In the past year, all of these locations have been unorthodox concert halls, housing off-the-radar bands and the club-averse audiences that support them. This phantom scene, invisible to the uninitiated, operates completely independently of the music-industry model. It's alcohol-free and largely self-policing. And for now, it might be the only remaining option for punk-rock kids.

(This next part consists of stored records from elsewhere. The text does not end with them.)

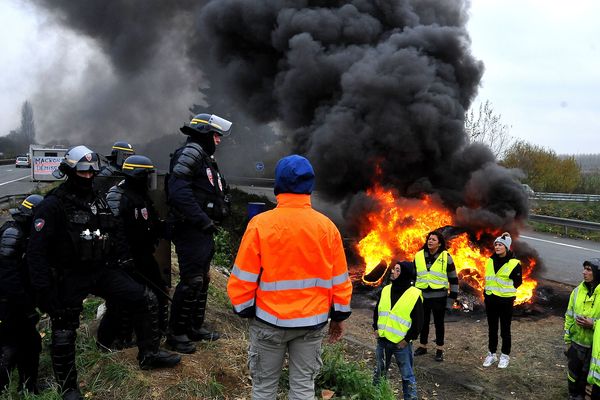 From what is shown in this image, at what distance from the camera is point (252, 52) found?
18.3 m

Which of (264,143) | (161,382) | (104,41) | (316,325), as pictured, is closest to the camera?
(316,325)

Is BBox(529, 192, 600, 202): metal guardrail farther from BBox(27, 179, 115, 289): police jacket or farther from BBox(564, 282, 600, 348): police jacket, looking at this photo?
BBox(27, 179, 115, 289): police jacket

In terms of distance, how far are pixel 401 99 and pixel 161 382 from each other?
11233mm

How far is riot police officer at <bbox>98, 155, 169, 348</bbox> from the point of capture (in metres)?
3.84

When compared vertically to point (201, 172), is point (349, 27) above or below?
above

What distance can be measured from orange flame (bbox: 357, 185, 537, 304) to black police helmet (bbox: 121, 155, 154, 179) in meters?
6.48

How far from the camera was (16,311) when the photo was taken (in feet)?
12.0

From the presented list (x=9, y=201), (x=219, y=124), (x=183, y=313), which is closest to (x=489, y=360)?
(x=183, y=313)

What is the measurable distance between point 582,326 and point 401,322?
170cm

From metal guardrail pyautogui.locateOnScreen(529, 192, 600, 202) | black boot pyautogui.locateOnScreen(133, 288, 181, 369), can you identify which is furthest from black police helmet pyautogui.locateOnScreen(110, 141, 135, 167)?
metal guardrail pyautogui.locateOnScreen(529, 192, 600, 202)

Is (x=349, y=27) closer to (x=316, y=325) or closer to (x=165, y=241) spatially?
(x=165, y=241)

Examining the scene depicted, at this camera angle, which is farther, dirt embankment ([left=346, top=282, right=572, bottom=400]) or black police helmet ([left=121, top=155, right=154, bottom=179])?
dirt embankment ([left=346, top=282, right=572, bottom=400])

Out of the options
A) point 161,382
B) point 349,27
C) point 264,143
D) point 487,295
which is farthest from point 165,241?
point 264,143

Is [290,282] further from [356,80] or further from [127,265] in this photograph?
[356,80] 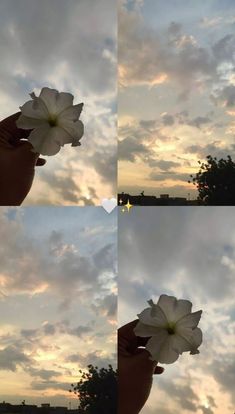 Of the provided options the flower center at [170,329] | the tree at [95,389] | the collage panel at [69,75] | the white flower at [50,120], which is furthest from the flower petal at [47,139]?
the tree at [95,389]

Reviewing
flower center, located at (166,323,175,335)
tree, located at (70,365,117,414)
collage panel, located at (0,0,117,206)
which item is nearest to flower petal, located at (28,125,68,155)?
collage panel, located at (0,0,117,206)

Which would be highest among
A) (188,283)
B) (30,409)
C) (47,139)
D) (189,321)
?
(47,139)

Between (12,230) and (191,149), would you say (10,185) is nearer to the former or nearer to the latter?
(12,230)

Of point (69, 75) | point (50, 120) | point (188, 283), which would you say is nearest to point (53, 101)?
point (50, 120)

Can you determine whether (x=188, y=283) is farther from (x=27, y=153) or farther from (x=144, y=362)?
(x=27, y=153)

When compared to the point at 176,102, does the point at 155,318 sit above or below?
below

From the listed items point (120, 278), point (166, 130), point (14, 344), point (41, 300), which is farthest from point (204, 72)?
point (14, 344)

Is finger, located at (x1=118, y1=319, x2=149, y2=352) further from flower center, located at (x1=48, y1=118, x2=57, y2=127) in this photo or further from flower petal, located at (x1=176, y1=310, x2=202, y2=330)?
flower center, located at (x1=48, y1=118, x2=57, y2=127) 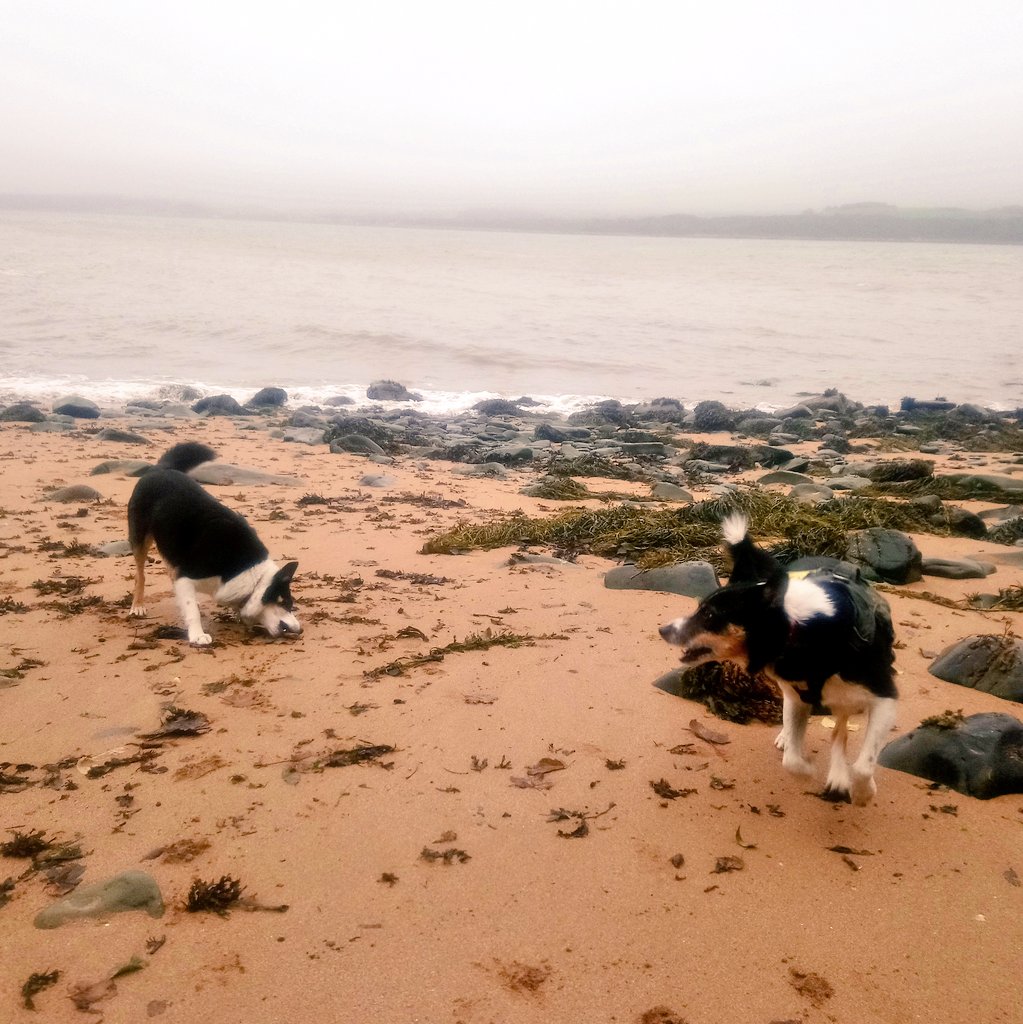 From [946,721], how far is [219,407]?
18175mm

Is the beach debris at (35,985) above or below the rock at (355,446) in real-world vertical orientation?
above

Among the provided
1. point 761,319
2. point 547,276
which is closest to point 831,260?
point 547,276

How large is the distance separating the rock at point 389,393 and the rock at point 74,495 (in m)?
14.0

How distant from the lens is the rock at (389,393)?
877 inches

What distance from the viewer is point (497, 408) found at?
20719 mm

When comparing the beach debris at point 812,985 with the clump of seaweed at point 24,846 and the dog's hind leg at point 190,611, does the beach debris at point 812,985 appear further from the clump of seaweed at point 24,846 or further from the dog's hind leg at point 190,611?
the dog's hind leg at point 190,611

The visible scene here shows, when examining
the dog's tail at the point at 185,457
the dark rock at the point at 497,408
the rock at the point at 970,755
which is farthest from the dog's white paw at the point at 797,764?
the dark rock at the point at 497,408

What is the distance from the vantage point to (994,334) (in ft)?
111

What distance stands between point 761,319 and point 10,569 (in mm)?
37209

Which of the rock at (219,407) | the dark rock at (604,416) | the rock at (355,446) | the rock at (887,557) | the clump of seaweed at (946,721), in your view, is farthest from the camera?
the rock at (219,407)

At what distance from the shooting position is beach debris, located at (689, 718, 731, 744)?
386cm

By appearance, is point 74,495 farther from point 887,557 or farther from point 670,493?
point 887,557

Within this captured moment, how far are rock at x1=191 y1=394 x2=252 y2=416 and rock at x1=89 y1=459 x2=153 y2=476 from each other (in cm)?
859

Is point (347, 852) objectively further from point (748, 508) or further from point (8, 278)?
point (8, 278) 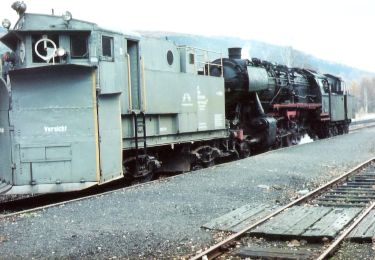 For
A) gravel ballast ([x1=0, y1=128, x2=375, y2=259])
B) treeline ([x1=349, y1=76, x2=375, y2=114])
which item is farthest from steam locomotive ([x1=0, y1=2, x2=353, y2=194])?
treeline ([x1=349, y1=76, x2=375, y2=114])

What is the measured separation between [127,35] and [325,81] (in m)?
17.2

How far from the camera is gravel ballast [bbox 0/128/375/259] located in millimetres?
6074

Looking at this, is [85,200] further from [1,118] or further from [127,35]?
[127,35]

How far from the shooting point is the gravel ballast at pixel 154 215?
6074 mm

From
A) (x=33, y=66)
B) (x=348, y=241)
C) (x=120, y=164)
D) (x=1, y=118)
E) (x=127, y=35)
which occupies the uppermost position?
(x=127, y=35)

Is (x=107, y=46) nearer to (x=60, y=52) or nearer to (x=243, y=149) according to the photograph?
(x=60, y=52)

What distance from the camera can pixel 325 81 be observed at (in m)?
25.3

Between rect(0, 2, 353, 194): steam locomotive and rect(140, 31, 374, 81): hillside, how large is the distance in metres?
1.95

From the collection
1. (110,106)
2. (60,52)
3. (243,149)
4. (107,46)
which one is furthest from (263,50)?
(60,52)

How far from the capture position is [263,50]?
121812mm

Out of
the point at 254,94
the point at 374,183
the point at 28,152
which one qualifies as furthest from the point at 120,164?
the point at 254,94

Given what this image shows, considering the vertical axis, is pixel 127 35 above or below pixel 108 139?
above

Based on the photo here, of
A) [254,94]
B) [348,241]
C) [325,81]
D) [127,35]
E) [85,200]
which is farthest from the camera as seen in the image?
[325,81]

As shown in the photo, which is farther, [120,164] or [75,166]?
[120,164] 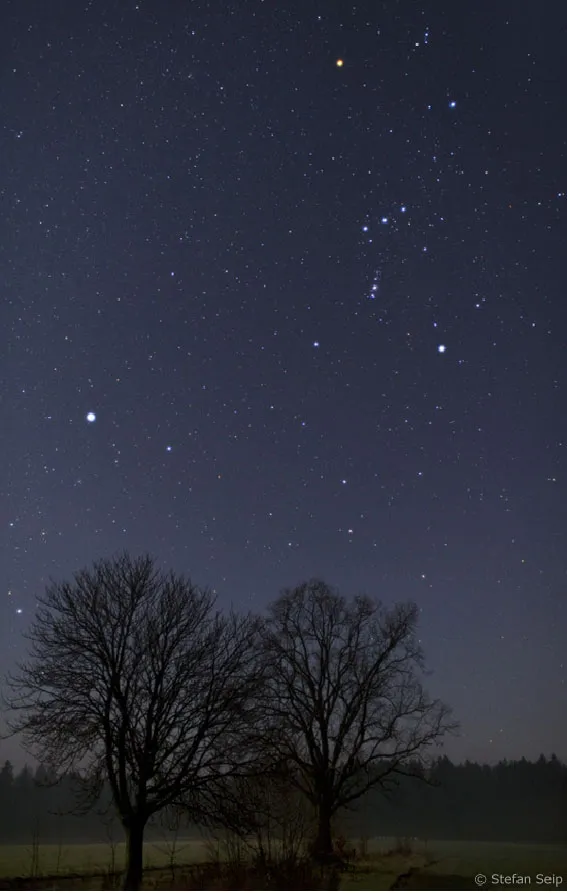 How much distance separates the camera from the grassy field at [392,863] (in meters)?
6.24

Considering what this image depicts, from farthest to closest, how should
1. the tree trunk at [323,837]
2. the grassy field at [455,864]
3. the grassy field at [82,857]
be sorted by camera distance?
the tree trunk at [323,837]
the grassy field at [455,864]
the grassy field at [82,857]

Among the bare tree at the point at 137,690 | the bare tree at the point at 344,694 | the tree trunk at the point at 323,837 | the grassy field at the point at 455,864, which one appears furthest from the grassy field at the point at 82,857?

Bands and music fans younger than age 21 have always been nomads in Kansas City's nightlife. For young punks, the '80s do-it-yourself movement, spearheaded by groups such as Black Flag and Minor Threat, made for glory years. Back then, anti-establishment musicians -- who had no qualms about playing shows in private homes or VFW halls -- worked with audiences whose members would do almost anything to bring them to town. Sometimes, the resulting shows could be life-changing. No-frills midtown venues such as the Downliner, Foolkiller and Music Box made every show feel like a house party for their underage patrons, and even when club shows fell through, a strong national network made spontaneous substitute shows possible.

In the late '80s, punks made the pilgrimage to a Lawrence cornfield, where Outhouse promoters Jeff Fortier and Brian Saunders booked bands such as Nirvana, GWAR and Hole. There were only two rules at this renegade stop: Pay at the gate and no alcohol inside. In the anything-goes buffer zone between the gate and the barn door, people would drink -- and occasionally fight -- before shows and between sets. Inside the Outhouse, overpopulation was common; more than 1,000 people somehow squeezed in to see Bad Brains. An unusually sympathetic police force winked at the punk paradise.

"The cops would come by, check out the crowd and say, 'Who's playing?'" Saunders recalls. "Then they'd say, 'Cool, we'll be back in an hour.' And they'd show up -- with beer."

Though less outrageous, Kansas City's Rhumba Box (a venue at 10th Street and McGee that lasted from summer 1993 to spring 1994) had its moments, particularly a Beck concert at the height of his "Loser" fame that had desperate teenage fans literally hanging from rafters for a view. The Rhumba Box also presented Schoolly D and Girls Against Boys and hosted numerous high school start-up bands on all-local bills.

From May 1995 to September 1996, the Daily Grind at 39th Street and Main, a tiny coffeehouse that funneled its frequent overflow crowds into a brick patio behind the stage, hosted concerts. It boosted the city's then-thriving ska scene (the Gadjits gigged there often) and drew big-time acts like Everclear and No Doubt. It also booked almost any unproven area act that asked. The Grind eventually succumbed to police attention (following an overcrowded Descendents show and a fiery incident involving the band Arson) and sniping from neighboring business owners (the Grand Emporium's Roger Naber, among others, said the Grind created parking and loitering problems).

When that mainstay ground to a halt, the all-ages scene stopped dead in its tracks. A few teens and musicians made the trek to Johnson County's Gee Coffee, an all-ages option that had adopted a gloomy warehouse in Olathe as its third home. (Block and Co., which had managed the Four Colonies Shopping Center at 79th Street and Quivira Road in Lenexa, booted original Gee owner Cal Morris from that space in 1995 because of complaints from people who lived in nearby subdivisions. Morris' response resounded with disenfranchised young music fans. "They don't want teenagers hanging out anywhere," he told The Kansas City Star.) The drive to Olathe, though, was daunting.